Just what “important” means has yet to be determined, although one could assume it would translate into asset prices casting a greater influence on the direction and level of interest rates going forward compared with the past. But presumptions may be dangerous, based on the subsequent qualifications Geithner laid out in his talk.
Indeed, there are many assets to consider in the global economy, and gold is one of them, though not necessarily a favored one in central banking courtesy of the precious metal’s tendency to take flight these days. Gold closed just below the $550 level yesterday, up around 6% so far this year, and after a stellar performance in 2005. The buying continued this morning, with gold barreling above that round number.
Perhaps goldbugs are simply underscoring another of Geithner’s comments from yesterday’s chat, when he observed a “relatively low compensation for risk priced into asset markets today….” Might he be referring to the 10-year Treasury yield, which remains under 4.5%, or roughly a spare 100 basis points over the government’s estimate of annualized consumer inflation as of November?
Lest any one think Geithner is about to start advising Ben Bernanke (the Fed chairman in waiting) on the merits of gold, or any other asset as a foundation for a new era of monetary pricing, think again. “There is a well established, and I believe fundamentally correct, case against directing monetary policy at specific objectives for asset values or the future path of those values,” he explained. “In other words, asset values should be neither a target nor a goal of monetary policy. The rate of increase in asset values alone seems to tell us very little about underlying and future inflation.”
Really? Gold is of no value in assessing inflationary pressures? How about real estate, or oil, or a broad basket of commodities, stocks and bonds? Alas, no, in the mind of Geithner. “Because we know so little about how to assess the appropriateness of asset values against fundamentals,” he continued, “because we have so little capacity to both forecast and predictably affect the future path of asset prices, and because we know relatively little about how changes in wealth affect the real economy and inflation, we cannot use monetary policy responsibly or effectively to achieve specific objectives for asset values.”
If asset prices are destined to have an uncertain authority in monetary policy, might the process work any difference in reverse? That is, does Geithner think the Fed can influence asset prices through the lever of fiat money? Not a chance, he opined, thereby reaffirming the company line in the legendary debate from a few years back as to whether Greenspan’s Fed could have/should have pricked the stock market bubble in the late-1990s before it reached epic levels and then crashed.

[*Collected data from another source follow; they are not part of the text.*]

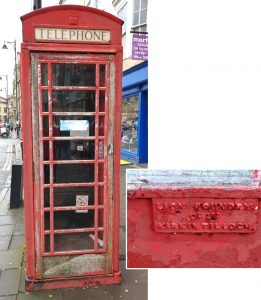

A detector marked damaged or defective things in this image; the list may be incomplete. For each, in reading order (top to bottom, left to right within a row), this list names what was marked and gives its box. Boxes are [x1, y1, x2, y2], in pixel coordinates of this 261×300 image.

rusted surface [127, 170, 261, 268]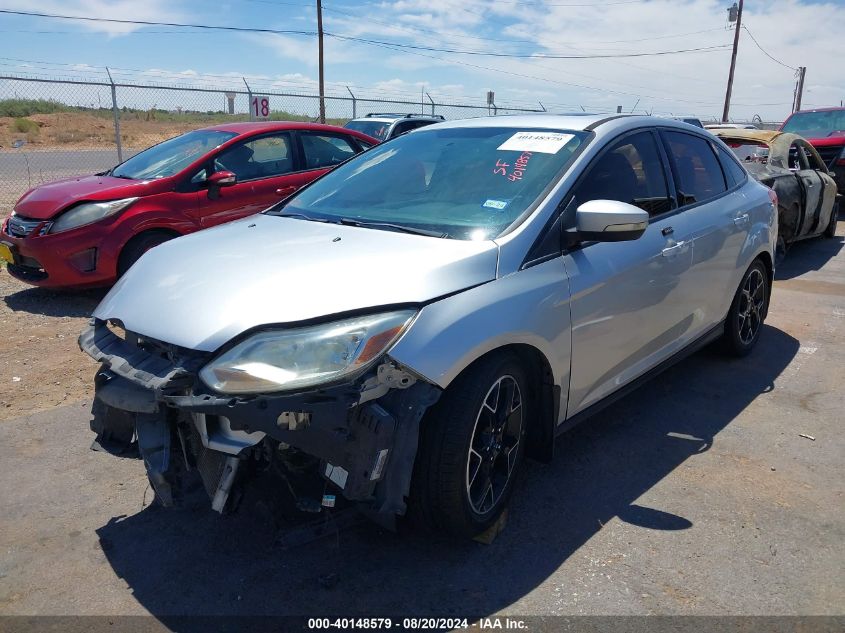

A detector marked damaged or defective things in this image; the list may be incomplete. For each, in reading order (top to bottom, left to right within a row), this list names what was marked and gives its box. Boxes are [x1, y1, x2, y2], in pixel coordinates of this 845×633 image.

damaged front end [77, 318, 442, 524]
crumpled front bumper [79, 318, 442, 520]
broken headlight [199, 308, 416, 392]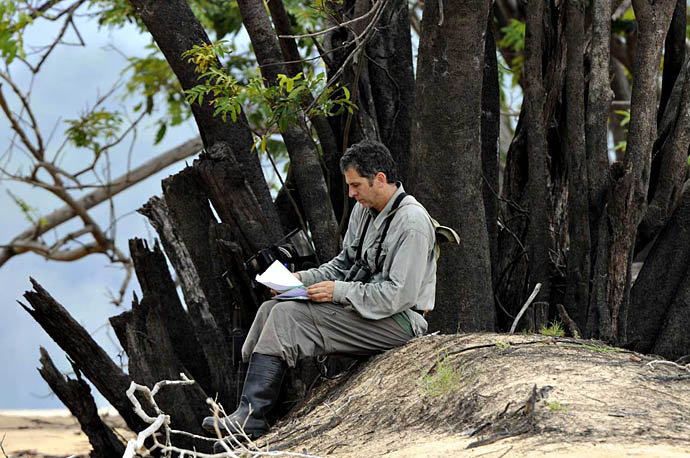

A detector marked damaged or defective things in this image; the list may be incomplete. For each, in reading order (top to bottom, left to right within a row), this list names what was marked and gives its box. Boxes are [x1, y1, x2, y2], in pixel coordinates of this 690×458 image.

burned black wood [37, 348, 125, 458]
burned black wood [19, 280, 146, 432]
burned black wood [122, 292, 211, 450]
burned black wood [129, 240, 212, 398]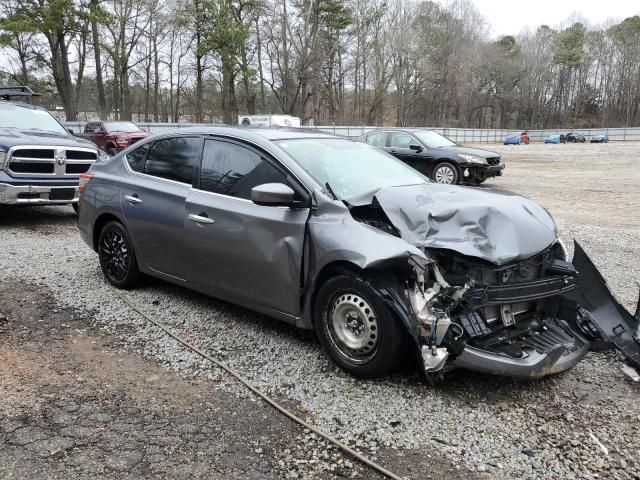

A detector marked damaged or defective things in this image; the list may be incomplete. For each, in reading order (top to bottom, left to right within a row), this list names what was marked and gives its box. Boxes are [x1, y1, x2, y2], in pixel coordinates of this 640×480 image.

detached bumper cover [0, 183, 78, 205]
wrecked silver sedan [76, 127, 640, 378]
damaged hood [348, 183, 556, 264]
crushed front end [402, 242, 636, 380]
crumpled fender [568, 240, 640, 368]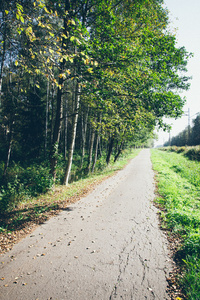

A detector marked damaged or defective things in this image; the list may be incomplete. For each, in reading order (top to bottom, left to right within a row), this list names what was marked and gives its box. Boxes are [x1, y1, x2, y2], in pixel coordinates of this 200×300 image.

cracked asphalt surface [0, 150, 172, 300]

Setting out his thinking in no uncertain terms in this case, Geithner lowered the rhetorical boom: “Monetary policy does not today and is unlikely in the future to offer us an effective tool for directly reducing the incidence of large or sustained deviations of asset values from what might turn out to be their fundamental values, what some call bubbles.”
But just when you thought the asset price topic was inured against change in central banking, Geithner reversed course again, reasoning that “monetary policy still has to take into account the impact of significant movements in asset values on output and inflation. Financial asset prices, by their nature, allocate resources between the present and the future and thereby affect consumption, investment and future growth. History provides us with numerous examples in which significant movements in asset prices have had sizable effects on the path of output relative to potential and on price stability.”
In fact, no matter whether you love or hate the link between asset prices and monetary policy, it’s there and it’s not going away. Geithner said as much, noting that “experience suggests that asset values can be very sensitive to movements in monetary policy or to the perceptions of future policy moves.”
So, what should an enlightened Fed do? “The challenge for central banks, Geithner outlined, “is to determine how movements in asset values and expected asset values affect the evolution of the economy. There is little to suggest that the task has gotten easier with the increasing complexity of financial markets, and it has more likely gotten harder.”
That sounds like an entry to declaring that the Fed should incorporate asset prices, tough as it is, into the monetary policy mix. But it wasn’t, as his concluding remarks attest. The future, in short, remains unclear as to how the Fed will pursue monetary policy in the new era set to launch with the assumption of the throne by Ben Bernanke at the end of the month.
So, what else is new? Nothing, really. That is, unless your time horizon is measured in years as opposed to days. Don Luskin, chief investment officer of TrendMacrolytics, laments the fact that in the good old days the central bank would be responsive to the raging bull market in gold of late. “Gold, now at new recovery highs and 60% above its 10-year moving average, is expressing inflationary expectations in relation to the existing price level that have historically been associated with a 5.5% core CPI, based on robust regression analysis,” Luskin writes in a note to clients sent yesterday. “There was a time more than a decade ago when Alan Greenspan, as well as Fed governors Wayne Angell and Manuel Johnson, would have been very responsive to such an alert — but those days are gone.”
Geithner seems inclined to agree. In his concluding remarks yesterday, the New York Fed chief offered something less than complete clarity on what the central bank might do in regards to incorporating asset prices into the policy mix: “Asset prices probably matter more than they once did, but what that means for monetary policy necessarily depends on the circumstances.”
Perhaps the incoming Fed chairman will have a different perspective. As such, Mr. Bernanke, the proverbial ball is now in your court.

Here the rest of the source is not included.